Photo: Fritz Goro/The Life Picture Collection/Getty Images
In 1958, 11 years after Bell Labsreinvented the transistor, it became clear that semiconductors would be able to conquer the electronics market only if they could be greatly miniaturized. There wasn’t much progress to be made by hand soldering separate components into circuits, but as is often the case, the solution came just when it was needed.
In July, Jack S. Kilby of Texas Instruments came up with the monolithic idea. His patent application described it as “a novel miniaturized electronic circuit fabricated from a body of semiconductor material containing a diffused p-n junction wherein all components of the electronic circuit are completely integrated into the body of semiconductor material.” And Kilby stressed that “there is no limit upon the complexity or configuration of circuits which can be made in this manner.”
The idea was perfect, but its execution, as depicted in Kilby’s February 1959 patent application, was unworkable because the wire connections arched above the wafer’s surface. Kilby knew that this wouldn’t work, and that is why he added a note about connections to be made in other ways. As an example, he mentioned gold deposited on the thin silicon oxide layer on the wafer’s surface.

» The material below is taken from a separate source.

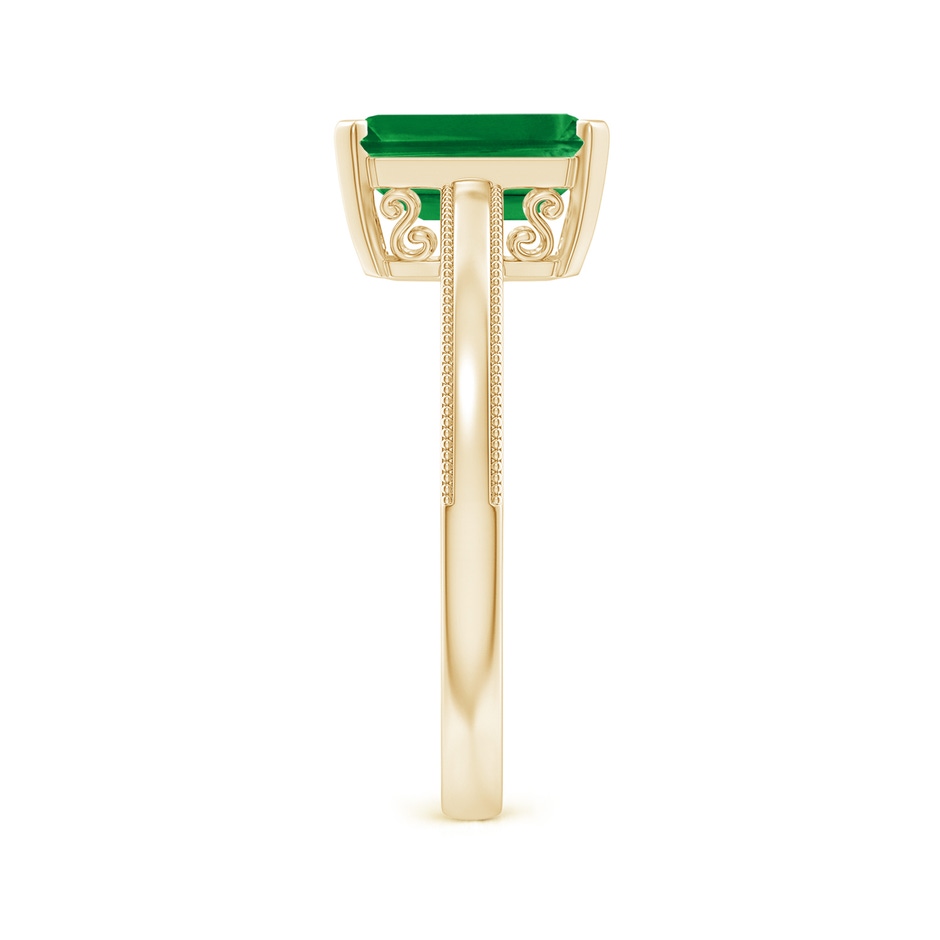 9x7mm AAA Emerald Cut Emerald Solitaire Ring with Milgrain in Yellow Gold side-2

Unbeknownst to him, a few months later, in January 1959, Robert Noyce, then the director of research at Fairchild Semiconductor Corp., was to jot in his lab notebook an improved version of the very same idea. “It would be desirable to make multiple devices on a single piece of silicon, in order to be able to make interconnections between devices as part of the manufacturing process, and thus reduce size, weight, etc. as well as cost per active element,” Noyce wrote. Moreover, the drawing accompanying Noyce’s July 1959 patent application contained no flying wires; instead it clearly depicted a planar transistor and “leads in the form of vacuum-deposited or otherwise formed metal strips extending over and adherent to the insulating oxide layer for making electrical connections to and between various regions of the semiconductor body without shorting the junctions.”

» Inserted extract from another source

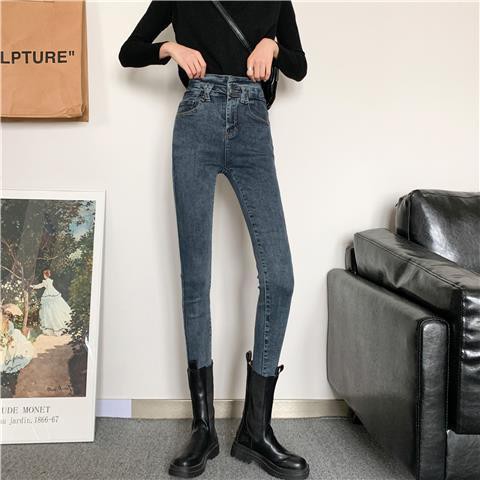 Suhao Retro Tinggi Pinggang Ketat Lurus Celana Jeans Wanita Musim Gugur Celana Kurus Slim Fit Burr C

Noyce’s patent was granted in April 1961, Kilby’s in July 1964. The litigation went all the way to the Supreme Court, which in 1970 refused to hear the case, upholding a lower court’s ruling of Noyce’s priority. That decision made no practical difference because in 1966 the two companies had agreed to share their production licenses, and the origins of the integrated circuit became yet another outstanding example of concurrent independent inventions. The basic conceptual idea was identical; both inventors received the National Medal of Science, and both were inducted into the Inventor’s Hall of Fame. Noyce lived only to 62, but Kilby survived to share a Nobel Prize for physics in 2000 at the age of 82, five years before his death.

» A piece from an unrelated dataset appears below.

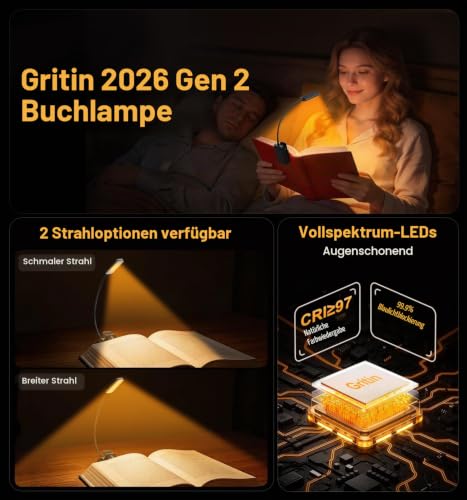 Gritin 2026 Gen 2 Leselampe Buch Klemme 30 Augenschonende Vollspektrum-LEDs – Ansicht 2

Texas Instruments called the new designs Micrological Elements. They were chosen to control intercontinental ballistic missiles and to help land men on the moon.
Their subsequent progress, captured by the still-enduring Moore’s Law, has been one of the defining developments of our time. By 1971, basic integrated circuits had matured into simple microprocessors with thousands of components, then advanced to designs that made personal computing affordable, starting in the mid-1980s. By 2003, the component total had surpassed 100 million, and by 2015 the SPARC architecture had reached 10 billion transistors. That represents an aggregate growth of eight orders of magnitude since 1965, averaging about 37 percent a year, with the number of components on a given area doubling about every two years. Today you can fit a 6-transistor SRAM cell in an area of .027 square micrometers. As Richard Feynman famously said, there’s plenty of room at the bottom.
Worldwide, semiconductor sales have reached about US $350 billion a year. That’s about 7 million square meters of silicon wafers—about the size of Gibraltar.